◆ What you should do
Copy exactly the lines that run from the one containing "The Very Collection" through the end of the entries, both ends included.

Stored dataset items
------------------------------------------------------------------------

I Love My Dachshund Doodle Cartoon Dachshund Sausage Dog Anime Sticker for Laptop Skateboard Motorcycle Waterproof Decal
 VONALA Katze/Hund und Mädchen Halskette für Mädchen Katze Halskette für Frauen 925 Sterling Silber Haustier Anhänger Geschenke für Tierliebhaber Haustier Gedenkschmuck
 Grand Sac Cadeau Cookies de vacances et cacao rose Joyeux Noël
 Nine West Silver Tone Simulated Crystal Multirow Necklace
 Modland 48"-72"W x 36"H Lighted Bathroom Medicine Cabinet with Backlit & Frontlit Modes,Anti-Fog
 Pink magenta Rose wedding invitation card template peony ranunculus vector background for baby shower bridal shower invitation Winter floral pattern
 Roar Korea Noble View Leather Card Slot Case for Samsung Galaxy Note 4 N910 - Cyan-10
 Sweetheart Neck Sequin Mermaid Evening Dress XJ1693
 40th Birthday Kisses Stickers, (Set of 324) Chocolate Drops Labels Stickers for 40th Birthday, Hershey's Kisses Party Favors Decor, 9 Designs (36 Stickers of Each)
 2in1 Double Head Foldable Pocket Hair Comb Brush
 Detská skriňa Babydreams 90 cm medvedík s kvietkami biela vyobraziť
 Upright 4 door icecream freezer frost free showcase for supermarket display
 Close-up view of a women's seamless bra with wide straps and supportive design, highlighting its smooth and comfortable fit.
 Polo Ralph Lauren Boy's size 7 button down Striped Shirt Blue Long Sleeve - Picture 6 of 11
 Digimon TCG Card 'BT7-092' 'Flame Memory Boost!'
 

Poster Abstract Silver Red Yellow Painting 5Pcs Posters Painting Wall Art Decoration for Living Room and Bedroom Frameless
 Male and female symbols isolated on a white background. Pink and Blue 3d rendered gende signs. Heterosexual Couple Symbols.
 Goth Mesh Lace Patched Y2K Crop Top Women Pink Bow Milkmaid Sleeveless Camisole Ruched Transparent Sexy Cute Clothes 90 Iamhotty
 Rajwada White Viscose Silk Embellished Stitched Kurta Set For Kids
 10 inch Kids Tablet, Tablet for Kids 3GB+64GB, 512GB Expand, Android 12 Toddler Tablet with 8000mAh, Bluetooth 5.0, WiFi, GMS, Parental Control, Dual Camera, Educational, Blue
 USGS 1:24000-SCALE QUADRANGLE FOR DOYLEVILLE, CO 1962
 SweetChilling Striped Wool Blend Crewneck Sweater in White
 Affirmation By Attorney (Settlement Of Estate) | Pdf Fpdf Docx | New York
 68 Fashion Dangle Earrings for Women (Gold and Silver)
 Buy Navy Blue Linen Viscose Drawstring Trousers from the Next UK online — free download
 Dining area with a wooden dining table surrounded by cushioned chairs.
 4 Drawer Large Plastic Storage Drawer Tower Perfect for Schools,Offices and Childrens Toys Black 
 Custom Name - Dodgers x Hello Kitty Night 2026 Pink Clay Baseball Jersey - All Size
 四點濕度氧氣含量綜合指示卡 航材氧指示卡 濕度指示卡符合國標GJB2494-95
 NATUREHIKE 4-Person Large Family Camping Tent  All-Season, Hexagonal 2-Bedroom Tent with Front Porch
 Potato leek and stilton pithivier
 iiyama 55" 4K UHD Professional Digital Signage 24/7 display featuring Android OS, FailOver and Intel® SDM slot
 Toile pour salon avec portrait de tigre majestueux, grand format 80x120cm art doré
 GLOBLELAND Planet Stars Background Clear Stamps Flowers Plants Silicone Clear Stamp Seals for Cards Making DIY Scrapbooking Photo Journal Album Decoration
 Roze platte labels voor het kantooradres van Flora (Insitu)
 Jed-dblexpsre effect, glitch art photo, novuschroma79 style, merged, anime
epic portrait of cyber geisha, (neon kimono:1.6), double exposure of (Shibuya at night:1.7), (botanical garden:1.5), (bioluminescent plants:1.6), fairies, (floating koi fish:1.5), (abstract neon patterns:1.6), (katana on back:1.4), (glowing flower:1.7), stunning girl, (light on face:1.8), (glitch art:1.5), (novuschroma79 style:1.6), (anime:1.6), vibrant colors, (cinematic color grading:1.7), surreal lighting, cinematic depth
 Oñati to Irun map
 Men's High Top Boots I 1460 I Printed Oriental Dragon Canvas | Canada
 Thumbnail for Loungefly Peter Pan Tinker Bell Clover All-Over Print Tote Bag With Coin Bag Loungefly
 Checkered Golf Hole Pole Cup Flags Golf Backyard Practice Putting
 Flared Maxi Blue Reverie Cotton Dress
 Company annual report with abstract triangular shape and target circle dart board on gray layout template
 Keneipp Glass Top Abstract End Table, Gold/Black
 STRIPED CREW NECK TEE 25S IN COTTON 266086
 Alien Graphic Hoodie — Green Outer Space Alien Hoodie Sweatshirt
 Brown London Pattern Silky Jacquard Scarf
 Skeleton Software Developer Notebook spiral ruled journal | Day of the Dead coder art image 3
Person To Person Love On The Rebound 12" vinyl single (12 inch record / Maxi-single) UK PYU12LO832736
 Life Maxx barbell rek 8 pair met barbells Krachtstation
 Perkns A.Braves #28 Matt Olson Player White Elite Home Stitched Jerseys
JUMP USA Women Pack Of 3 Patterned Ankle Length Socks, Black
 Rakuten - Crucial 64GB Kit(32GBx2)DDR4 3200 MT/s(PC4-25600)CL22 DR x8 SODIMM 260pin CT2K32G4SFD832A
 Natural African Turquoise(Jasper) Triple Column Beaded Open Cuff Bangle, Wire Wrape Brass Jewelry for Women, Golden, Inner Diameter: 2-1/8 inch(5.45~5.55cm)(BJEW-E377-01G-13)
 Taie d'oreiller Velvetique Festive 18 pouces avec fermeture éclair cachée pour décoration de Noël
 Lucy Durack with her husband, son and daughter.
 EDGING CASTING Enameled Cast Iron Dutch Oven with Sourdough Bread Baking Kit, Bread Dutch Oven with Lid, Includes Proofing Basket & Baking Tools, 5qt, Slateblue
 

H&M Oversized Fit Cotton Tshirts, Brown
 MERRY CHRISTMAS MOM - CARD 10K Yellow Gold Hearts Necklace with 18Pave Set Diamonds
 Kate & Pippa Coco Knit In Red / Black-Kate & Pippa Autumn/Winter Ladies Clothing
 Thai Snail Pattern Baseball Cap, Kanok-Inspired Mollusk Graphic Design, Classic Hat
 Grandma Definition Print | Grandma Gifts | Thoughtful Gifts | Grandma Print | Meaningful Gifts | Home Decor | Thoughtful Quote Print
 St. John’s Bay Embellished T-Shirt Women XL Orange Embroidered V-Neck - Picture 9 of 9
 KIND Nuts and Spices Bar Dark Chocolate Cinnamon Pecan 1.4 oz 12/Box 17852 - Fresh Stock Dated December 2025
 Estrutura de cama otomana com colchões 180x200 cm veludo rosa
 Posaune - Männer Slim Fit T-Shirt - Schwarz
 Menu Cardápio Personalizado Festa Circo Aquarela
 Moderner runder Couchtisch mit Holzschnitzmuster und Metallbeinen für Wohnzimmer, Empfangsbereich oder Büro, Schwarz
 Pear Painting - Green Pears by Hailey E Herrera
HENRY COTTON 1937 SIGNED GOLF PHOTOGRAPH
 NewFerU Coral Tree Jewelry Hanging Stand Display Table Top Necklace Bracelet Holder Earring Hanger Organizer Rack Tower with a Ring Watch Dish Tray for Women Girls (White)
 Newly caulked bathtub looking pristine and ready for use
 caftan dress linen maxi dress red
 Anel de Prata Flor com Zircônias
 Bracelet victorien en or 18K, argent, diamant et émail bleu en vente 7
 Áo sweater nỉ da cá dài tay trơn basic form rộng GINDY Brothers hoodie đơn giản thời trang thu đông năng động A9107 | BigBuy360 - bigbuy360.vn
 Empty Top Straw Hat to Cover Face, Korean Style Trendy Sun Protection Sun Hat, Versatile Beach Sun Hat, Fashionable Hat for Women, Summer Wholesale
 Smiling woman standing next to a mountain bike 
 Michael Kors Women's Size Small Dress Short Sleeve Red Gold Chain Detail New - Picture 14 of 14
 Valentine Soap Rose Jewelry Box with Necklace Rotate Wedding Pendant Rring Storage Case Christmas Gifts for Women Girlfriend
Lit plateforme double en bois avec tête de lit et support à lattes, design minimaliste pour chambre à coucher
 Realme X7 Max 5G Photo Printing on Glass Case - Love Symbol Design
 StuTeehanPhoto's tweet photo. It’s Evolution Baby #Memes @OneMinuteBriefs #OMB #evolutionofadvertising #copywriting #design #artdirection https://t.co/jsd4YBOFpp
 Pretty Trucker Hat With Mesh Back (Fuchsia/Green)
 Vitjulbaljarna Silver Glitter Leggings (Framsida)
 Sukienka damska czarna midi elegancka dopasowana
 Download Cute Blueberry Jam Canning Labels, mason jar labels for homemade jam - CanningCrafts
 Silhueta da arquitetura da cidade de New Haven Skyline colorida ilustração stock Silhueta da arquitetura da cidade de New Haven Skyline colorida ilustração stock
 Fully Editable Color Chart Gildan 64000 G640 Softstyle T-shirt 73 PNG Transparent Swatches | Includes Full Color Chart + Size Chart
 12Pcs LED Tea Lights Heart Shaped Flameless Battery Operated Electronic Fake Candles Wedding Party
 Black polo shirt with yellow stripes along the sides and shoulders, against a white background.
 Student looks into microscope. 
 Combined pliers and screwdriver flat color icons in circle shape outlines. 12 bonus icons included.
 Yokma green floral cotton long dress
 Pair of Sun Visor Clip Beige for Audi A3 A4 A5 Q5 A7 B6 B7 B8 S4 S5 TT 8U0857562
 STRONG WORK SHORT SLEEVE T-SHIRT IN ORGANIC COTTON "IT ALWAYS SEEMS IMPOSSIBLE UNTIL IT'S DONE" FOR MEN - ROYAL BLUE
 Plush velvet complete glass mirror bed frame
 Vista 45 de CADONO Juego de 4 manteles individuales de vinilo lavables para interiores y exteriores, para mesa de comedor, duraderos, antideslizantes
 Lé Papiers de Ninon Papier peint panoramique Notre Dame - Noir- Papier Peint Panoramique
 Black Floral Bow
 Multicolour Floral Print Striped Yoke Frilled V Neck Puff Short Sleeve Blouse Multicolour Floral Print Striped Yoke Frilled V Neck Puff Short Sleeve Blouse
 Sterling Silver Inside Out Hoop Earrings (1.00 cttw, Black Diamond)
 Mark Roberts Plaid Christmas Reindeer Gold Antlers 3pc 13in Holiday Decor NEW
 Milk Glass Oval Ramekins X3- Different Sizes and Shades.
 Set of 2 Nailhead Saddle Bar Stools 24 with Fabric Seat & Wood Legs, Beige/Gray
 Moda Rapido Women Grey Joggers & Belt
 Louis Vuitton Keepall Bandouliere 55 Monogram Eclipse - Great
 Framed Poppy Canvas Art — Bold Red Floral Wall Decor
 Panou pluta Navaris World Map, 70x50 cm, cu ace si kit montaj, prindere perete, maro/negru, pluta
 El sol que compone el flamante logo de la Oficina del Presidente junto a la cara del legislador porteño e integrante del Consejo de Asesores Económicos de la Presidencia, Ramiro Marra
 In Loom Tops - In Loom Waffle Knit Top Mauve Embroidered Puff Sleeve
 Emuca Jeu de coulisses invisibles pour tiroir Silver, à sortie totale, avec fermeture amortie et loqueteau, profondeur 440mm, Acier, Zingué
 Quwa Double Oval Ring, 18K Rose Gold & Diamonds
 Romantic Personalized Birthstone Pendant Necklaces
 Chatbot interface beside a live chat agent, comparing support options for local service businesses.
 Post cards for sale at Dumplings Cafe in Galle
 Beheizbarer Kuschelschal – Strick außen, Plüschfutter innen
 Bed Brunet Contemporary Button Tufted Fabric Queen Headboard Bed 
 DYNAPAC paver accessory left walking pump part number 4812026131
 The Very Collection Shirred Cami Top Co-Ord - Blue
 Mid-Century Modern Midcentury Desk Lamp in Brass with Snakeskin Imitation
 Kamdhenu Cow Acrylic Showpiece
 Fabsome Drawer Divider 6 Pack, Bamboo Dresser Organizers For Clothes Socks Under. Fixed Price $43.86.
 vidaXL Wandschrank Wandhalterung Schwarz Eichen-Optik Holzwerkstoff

------------------------------------------------------------------------

◆ Written reply
 The Very Collection Shirred Cami Top Co-Ord - Blue
 Mid-Century Modern Midcentury Desk Lamp in Brass with Snakeskin Imitation
 Kamdhenu Cow Acrylic Showpiece
 Fabsome Drawer Divider 6 Pack, Bamboo Dresser Organizers For Clothes Socks Under. Fixed Price $43.86.
 vidaXL Wandschrank Wandhalterung Schwarz Eichen-Optik Holzwerkstoff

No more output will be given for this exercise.